So, how exactly can you keep this from happening?

Well, it begins with the firearm you select. I’m not here to push one brand over another, but rather to help you find the gun and gauge that best fits you so you can go with it.

What exactly is shotgun “fit?” Scroll down and watch the video near the end of the article to find out!

Does price matter?

I’ve hunted with guys who bought the latest and greatest shotgun on the market only to watch them miss every duck that decoyed. I’ve also hunted with guys who were shooting a “pawn shop special” and they absolutely slaughtered every duck within a mile radius.

So, what was the difference?

dead geese and duck

At the end of the hunt, you want a shotgun that has performed as expected, hopefully resulting in a successful harvest.

Well, one group of guys thought the expensive gun would make them a good shot. The other group knew they needed a gun that they were extremely comfortable shooting in several different conditions.

Simply put, the best shotgun is the one you are most comfortable using.

But how do you figure that out?



Which type of shotgun fits your hunting style?

There are three main types of shotguns. The most popular is the semi-auto, followed by the pump-action, and the over-under. They all come in different gauges and all are solid choices when it comes to waterfowl hunting. I have personally hunted with all three for at least one season each. As I hunted with each, I found there are pros and cons to all.

I prefer to hunt with a 12-gauge shotgun, regardless of the type of shotgun I am shooting. But, enough about me, let’s look at three critical factors in determining the best shotgun for ducks and waterfowl.




The three criteria I used to determine the best type of duck hunting shotgun are as follows:

  • Dependability: How unlikely it is to malfunction in different weather conditions?
  • Ruggedness: How much abuse can it take from being tossed in the back of a truck and dragged through mud all season long?
  • Amount of birds in the blind: That should be pretty self-explanatory. If I was able to shoot more birds with it, I hunted with the firearm more often!


The Most Dependable Shotgun

As far as dependability goes, an over-under is going to fire every time the trigger is pulled. A pump-action is going to fire basically every time, as well. The weather conditions are not prone to affect the firing capabilities of an over-under or pump-action.

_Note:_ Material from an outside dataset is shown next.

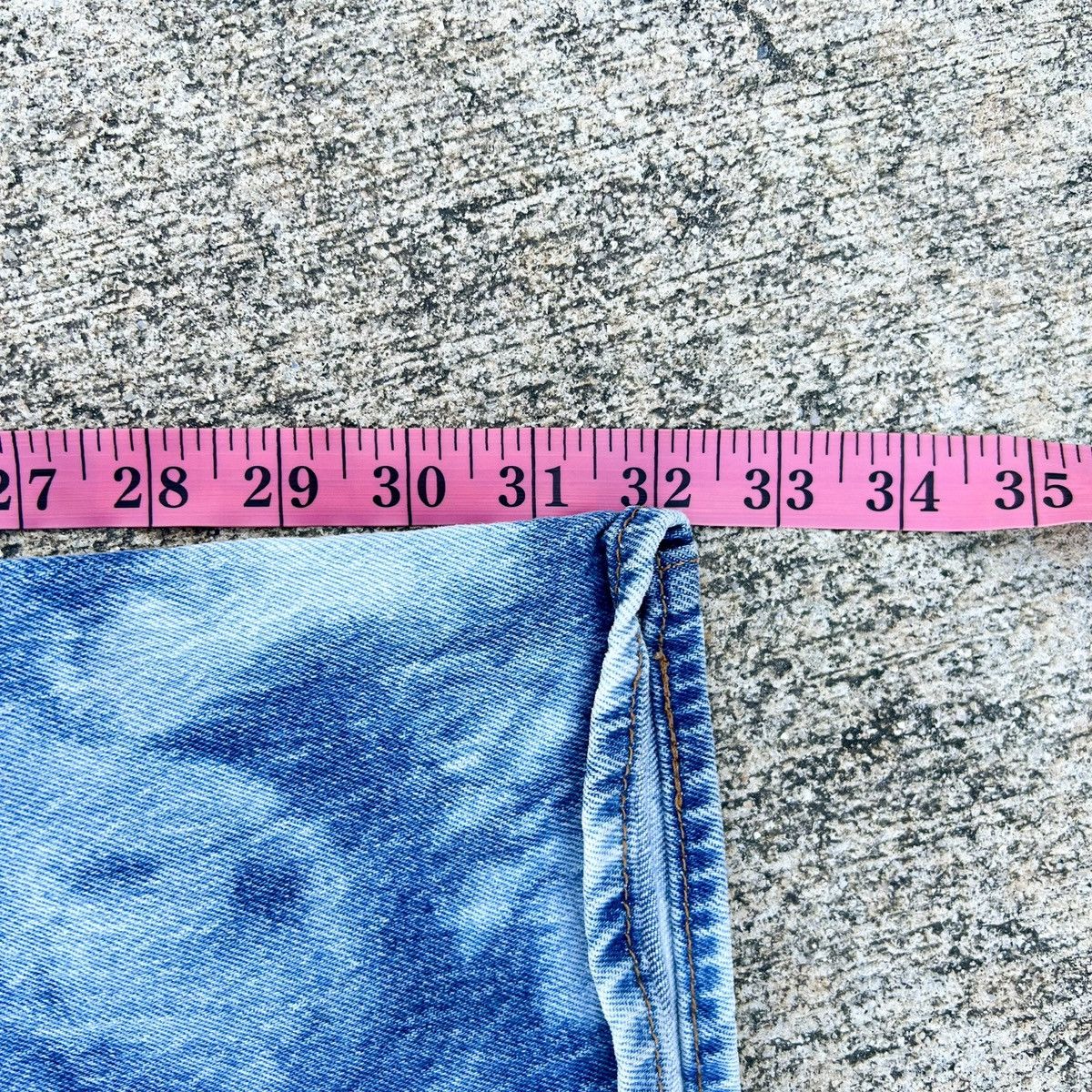 Levi's Levi’s Bleach Washed 39 x 32 Denim Jeans Size US 39 - 10 Thumbnail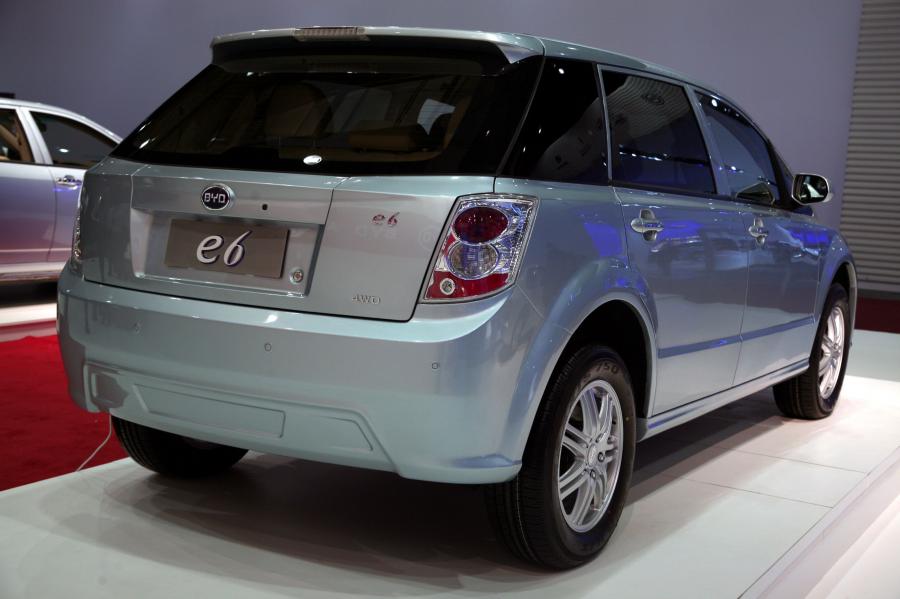  BYD E6 2009 года  (фото 18 из 60)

The semi-automatic shotgun is a different story.

shotgun and decoy

Part of having a dependable gun is knowing it won’t jam or misfire.

As long as they are clean and lightly oiled in warm conditions, a semi-automatic works great! However, in my experience, when the cold weather hits, semi-auto shotguns tend to become finicky.

So, if you’ve ever wondered “how long do ducks live?” Well, a lot longer than you’d like, if your gun won’t fire dependably in the cold weather!

So, when I need a gun that is dependable, I hunt with a pump-action or an over-under. 



The Most Rugged Shotgun

Ruggedness, once again, goes to an over-under or a pump-action. The over-under has so few moving parts that make it such a rugged gun. Now, this does not apply if your over-under is a gun that only comes out of the gun safe to get oiled and then gently placed back in its place. 

12 gauge shotgun shells

Shotgun types come in different gauges… my personal favorite is the 12-gauge.

The over-under I used was as basic as they are made, perfect for the tough conditions I hunt. A pump-action has a few more moving parts, but in my experience hunting with one, they are just as rugged as an over-under.

The semi-auto shotguns I hunted with were not as rugged as I had hoped they would be, but in recent years semi-auto shotguns have made tremendous strides in ruggedness. 




The Deadliest Shotgun

The most critical factor is the number of birds the firearm helps bring down cleanly.

The semi-auto shotguns are outstanding when I need to fire off all three shots quickly, but I have a tendency to rush my shot. That is my fault, not the firearm!

When hunting with a pump-action, I am forced to slow down just enough to be much more accurate and add more birds to my limit.

semi automatic shotgun and black lab

Semi-automatic shotguns give you the ability to fire 3 shots rapidly, but may also lead the shooter to rush the shot.

The over-under shotgun I hunted with drastically fell short because it lacked the third shot I was familiar with. My friend, Jason Cruise, claims the third shot is a wasted shot more often than not.

I would disagree.



Yes, many times by the third shot, the birds are out of range. However, when the ducks are back-flapping in your face, that third shot is a huge advantage. Every hunt I am on, I will consistently shoot all three shells in a single volley. When I hunted with my over-under, I desperately missed having that third shot. 



So, what exactly is “shotgun fit” and how do you get the right fit for you? Check out this video to find out.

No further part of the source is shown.